Sven fuhrwerkte in einigen Töpfen herum.

Probierte hier, würzte dort nach. Mit einem Teller voller kleiner Köstlichkeiten kam er zu Uwe zurück. Dieser hatte sich in der Zwischenzeit in der Küche umgeschaut. Die einzelnen Speisen verströmten unterschiedliche Aromen.

„Jenny? Die kleine Schwarzhaarige mit den grünen Augen und dem geilen Körper?“

„Ja, das ist meine Schwester. “

‚Mist, er steht auf Mädchen. Aber warum fühle ich mich ihm so nah? So wie ein Ganzes, das nur darauf wartet, nach langer Zeit wieder zusammen zu kommen?‘

„Hier probiere das mal.

Erneut riss Svens Enthusiasmus Uwe einfach mit und aus dem Grübeln. Er öffnete dem entgegenkommenden Löffel seinen Mund und schmeckte die Kreation schon, bevor sie auch nur auf seiner Zunge gelandet war. Köstlich. Minzsorbet mit einem Hauch Zitrone. Eigenwillig und doch … stimmig. Uwe schaute Sven tief in die Augen und packte dabei dessen Hand. Eine Erkenntnis kam in Svens Augen zum Vorschein. Streichelte mit einem Finger über dessen Handrücken.

Verlangen erschien nun in Svens Augen. Er stellte den Teller auf die Ablage neben sich und fuhr danach damit durch Uwe braune Haare, verwuschelte sie. Dass seine Mitarbeiter in diesem Moment alle auf die beiden jungen Männer schauten, bekamen diese gar nicht mit. Uwe zog den Löffel mit Svens Arm aus seinem Mund und drückte ihn stattdessen auf Svens Lippen. Der Geschmack des Sorbets ging in Svens Mund über. Es klirrte und der Löffel fiel zu Boden.

Beide küssten sich innig und liebevoll. Ihre Hände streichelten sich gegenseitig.

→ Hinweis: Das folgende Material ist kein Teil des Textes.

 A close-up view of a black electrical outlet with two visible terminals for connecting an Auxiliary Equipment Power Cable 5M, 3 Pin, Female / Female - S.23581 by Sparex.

„Uwe, ach hier bist du!“ Jennys Stimme riss die beiden aus ihrer kurzen Umarmung. Erst jetzt wurde Uwe und Sven bewusst, wo sie sich befanden und dass sie nicht allein waren. Svens Gesicht überzog eine leichte Röte.

„Jenny. Was ist denn?“ Uwe war selbstbewusst und ihn störten die Zuschauer nicht. Seine Bisexualität war kein Geheimnis.

„Du, ich habe einen süßen Typen kennen gelernt. Der fährt mich nachher zurück. Vielleicht nicht auf dem direkten Weg, aber der ist echt zum Fressen süß. “ Mit zwinkernden Augen verkündete Jenny das als Tatsache, die unumstößlich und unumstritten war.

Eifersucht kochte in Uwe hoch. Seine kleine Jenny und schon wieder so ein Kerl, der garantiert nur ihren Körper wollte. Und nachher heulte sie ihm, ihrem großen Bruder und liebsten Schwarm, die Ohren voll.

Die beiden pflegten eine sehr innige Geschwisterbeziehung. Aber Uwe hatte gerade besseres zu tun, als seine Schwester zu bemuttern. Seine Eifersucht musste warten. Es galt Sven zu erobern. Der zärtliche Kuss von eben hallte noch auf seinen Lippen nach.

„Ja, geh nur. Ich erwarte dich dann erst morgen früh wieder. “ Mit einem Stirnrunzeln und unverständlichen Grummeln verschwand Jennifer aus der Küche.

Uwe schaute zu Sven hinüber, der die kurze Szene belustigt beobachtet hatte.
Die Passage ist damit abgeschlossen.